(Short web captions)
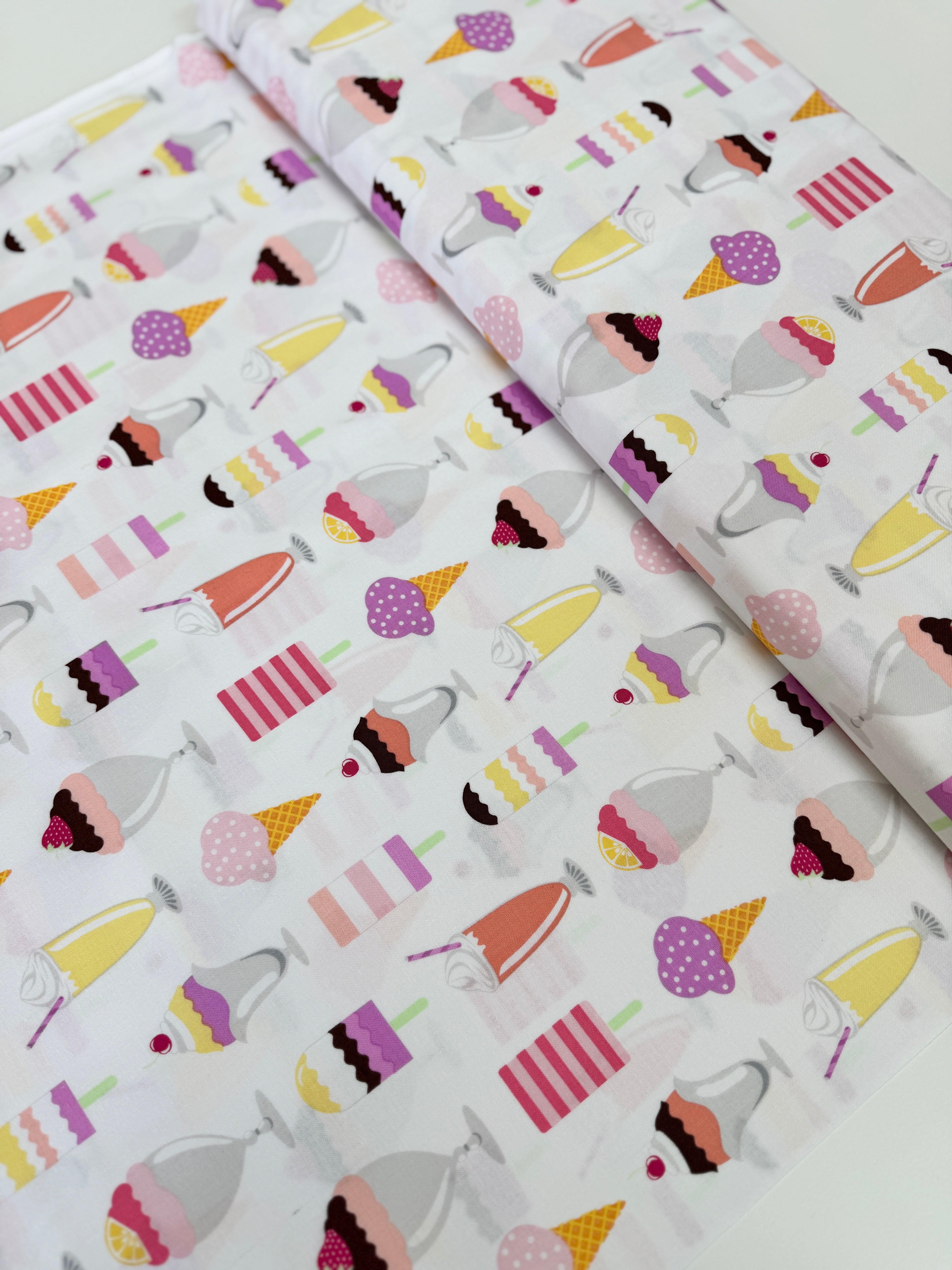 Get The Scoop Sherbet Fabric by Michael Miller – ice cream cotton fabric with cones, sundaes, and popsicles in bright sherbet colors.
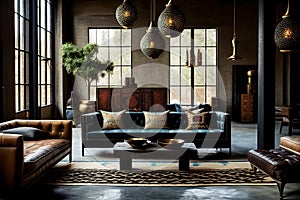 Industrial Chic Interior Design with Vintage Moroccan Rugs, Leather Couches and Wood Tables. Generative AI.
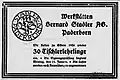 Werbeanzeige der Fa. Bernard Stadler von Januar 1926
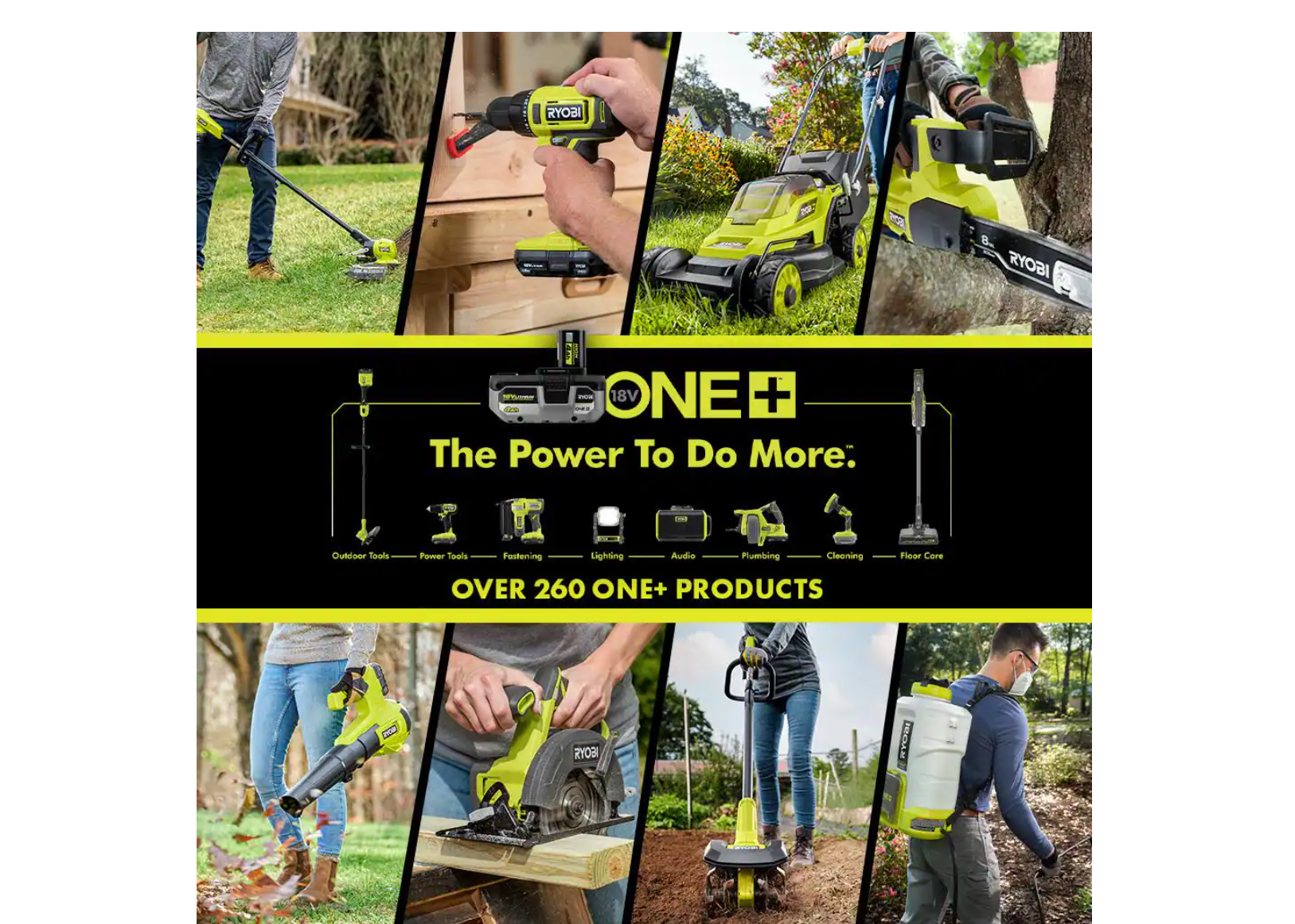 RYOBI P20130 ONE+ 18V 10 in. Cordless Battery String Trimmer with 1.5 Ah Battery and Charger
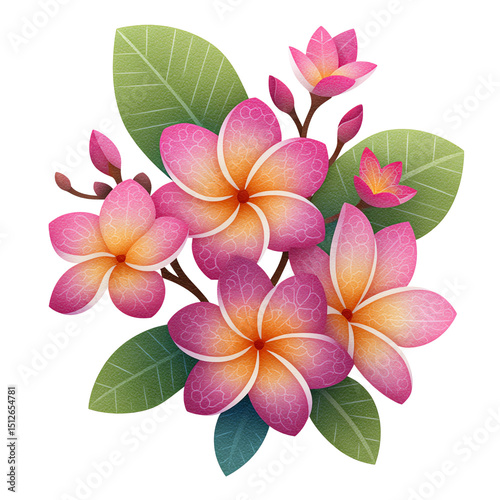 Vibrant Pink and Orange Plumeria Flower Bouquet Illustration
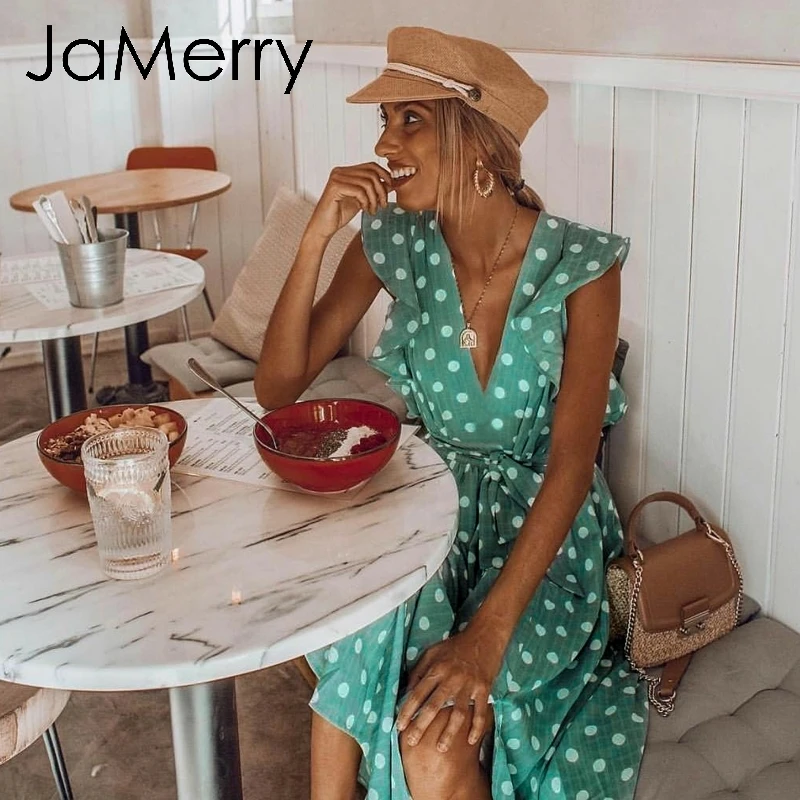 Женское платье миди JaMerry пляжное в горошек с поясом и оборками лето 2019|Женские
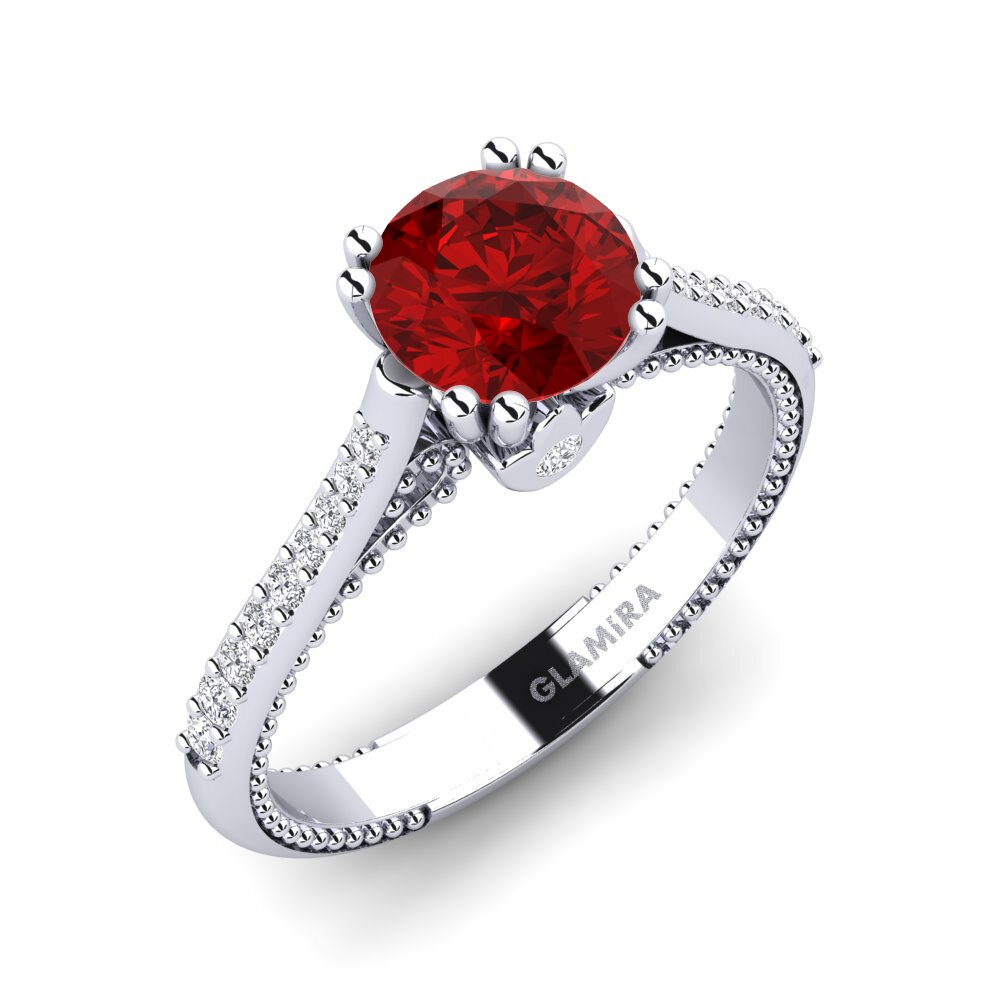 Ruby (Lab Created) Engagement Ring Puerza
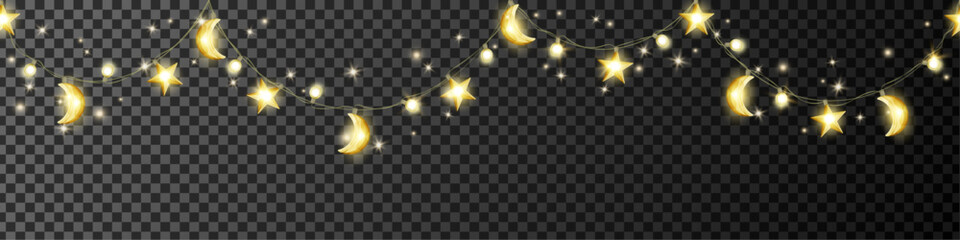 ramadan and al adha islamic decoration on transparent background. hanging stars and crescents lights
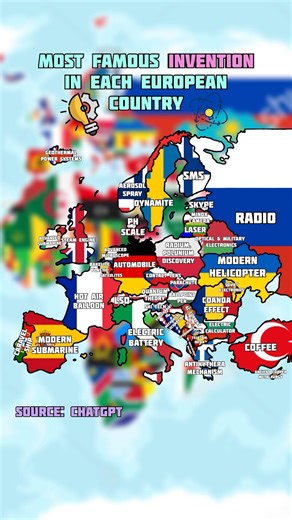 Most famous invention in each European country #science #geography #maps #mapping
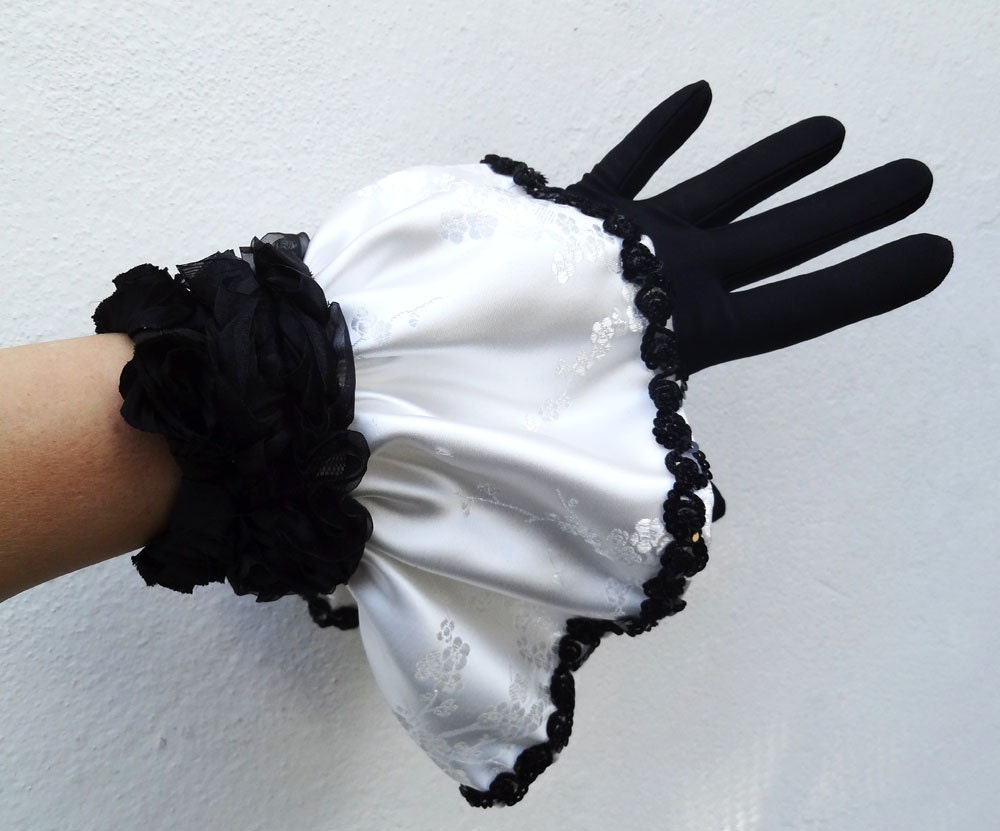 Circus Costume, Clown Costume Cuffs, Black, White, Victorian, Retro, 1930's look - Batcakes Couture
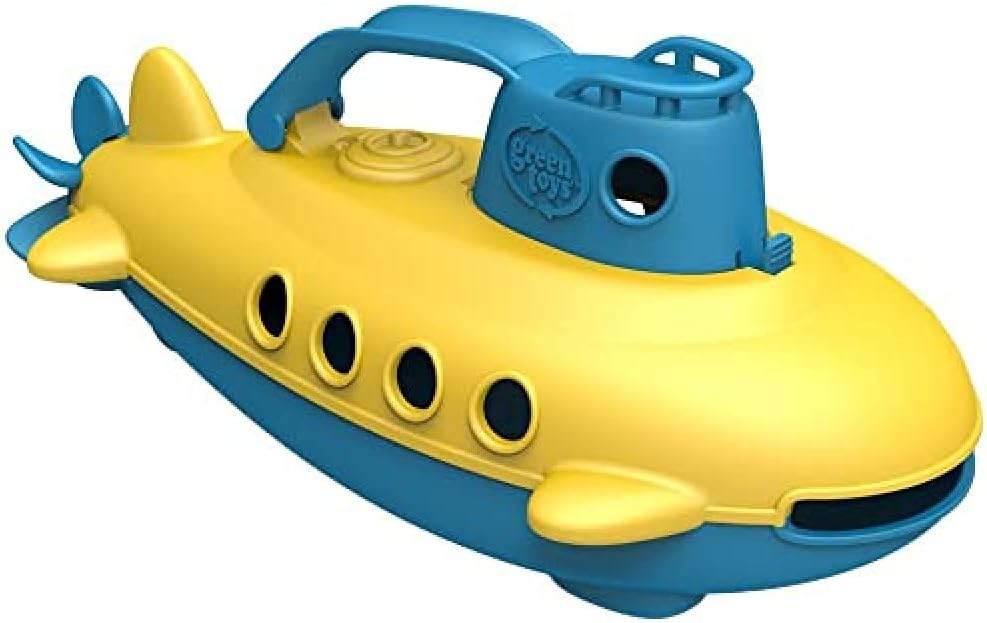 Green Toys Submarine - Blue Handle, Recycled Plastic Bath Toy for 6+ Months 1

| DESCRIPTION OF THE TASK |
All lines from the one containing "Circus Costume, Clown" through the end of the data are to be restated exactly, with nothing else and without the pictures.

| EXPECTED ANSWER |
 Circus Costume, Clown Costume Cuffs, Black, White, Victorian, Retro, 1930's look - Batcakes Couture
 Green Toys Submarine - Blue Handle, Recycled Plastic Bath Toy for 6+ Months 1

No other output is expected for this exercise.